In this project, we aim to implement linear and polynomial regression of 2nd, 3rd, and 4th order from scratch, and apply L2-regularization to the 4th-order polynomial regression. We will perform these tasks using training data and evaluate the performance using different regularization parameters. Implementation Overview:
We implement linear and polynomial regression models of 2nd, 3rd, and 4th order. Synthetic data is generated for training and testing the models.
We extend the polynomial regression to include L2-regularization. Weight vectors are calculated for different regularization parameters (λ values). Training and test errors are calculated for each λ value. Train and test errors are plotted as a function of λ.
We perform five-fold cross-validation on the training data. Training and validation sets are created for different combinations of the data. Weight vectors and validation errors are calculated for each λ value.
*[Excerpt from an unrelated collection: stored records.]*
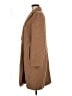 J.Crew 100% Wool Brown Wool Coat Size 8 - photo 5
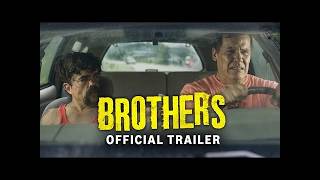 Brothers Movie 2023 Josh Brolin amp Peter Dinklages Final Heist Comedy Explained [upl. by Joappa]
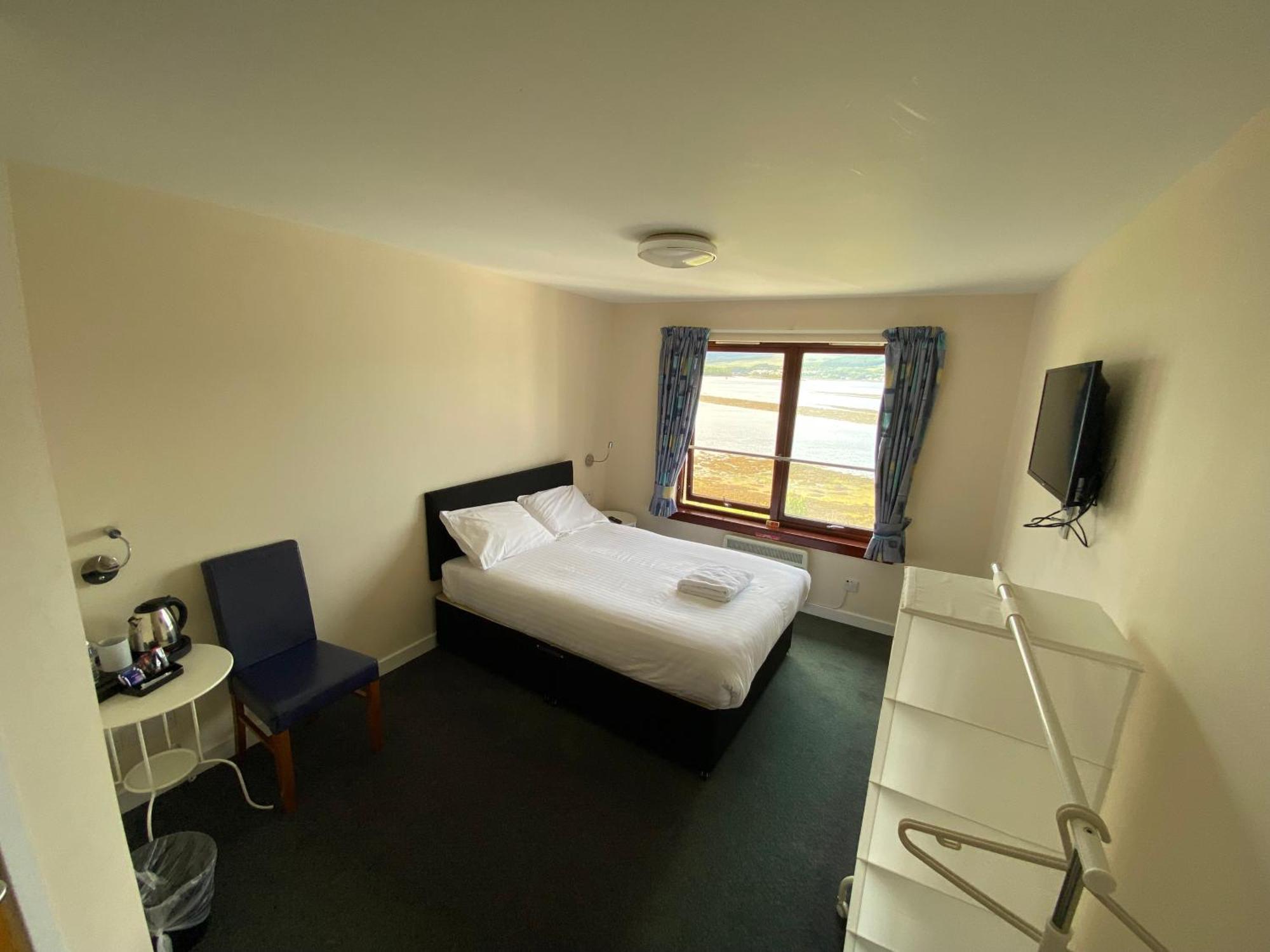 Waterfront Lodge - Accommodation Only Fort William Rum bild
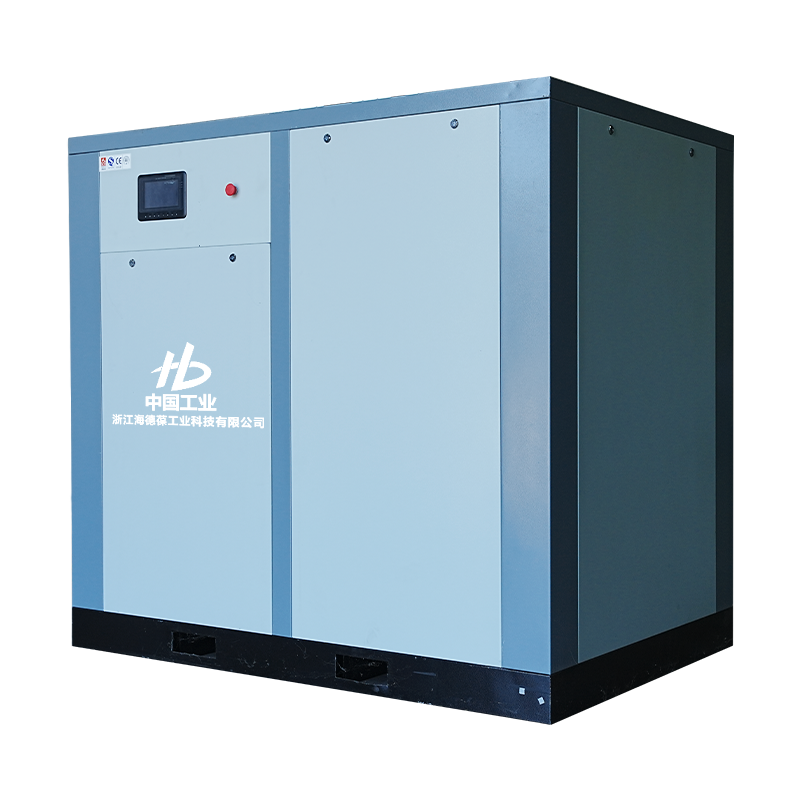 75HP Micrea-ola scriú cúpla scriú comhbhrúiteoir céim amháin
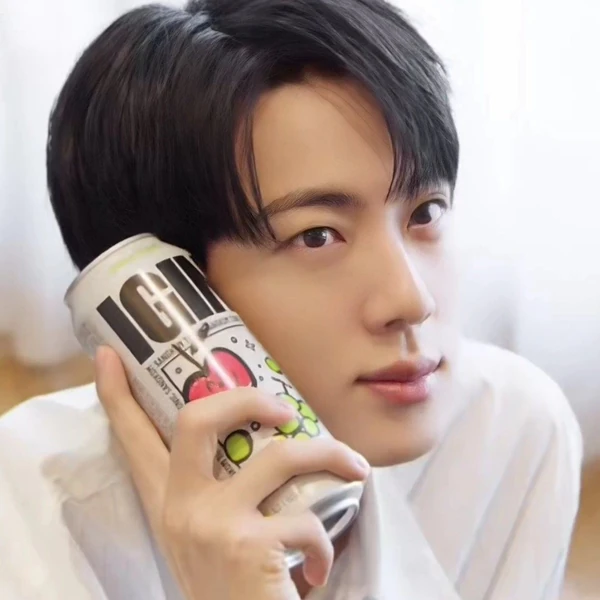 진 (방탄소년단) 팬심 가득한 인기 사진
Average validation error is calculated as a function of λ.
We compare the performance of different λ values based on average validation error. The best λ value is selected based on the lowest average validation error.
We use the best λ value to calculate the predicted y values for a new input vector. The L2-regularized 4th-order polynomial regression line is plotted using the newly constructed input vector and predicted y values.
For 4th-order polynomial regression, the best λ value is determined through cross-validation. The selected λ value is different from the one obtained without cross-validation.
Train and test errors are compared for different λ values. The performance of the model with the selected λ value is evaluated based on test error and its relation to the training error.
Regression lines for the best λ value are plotted to visualize the fitted model.
The best λ value obtained through cross-validation provides improved performance compared to a single fixed λ value. By applying L2-regularization, we achieve better generalization and avoid overfitting.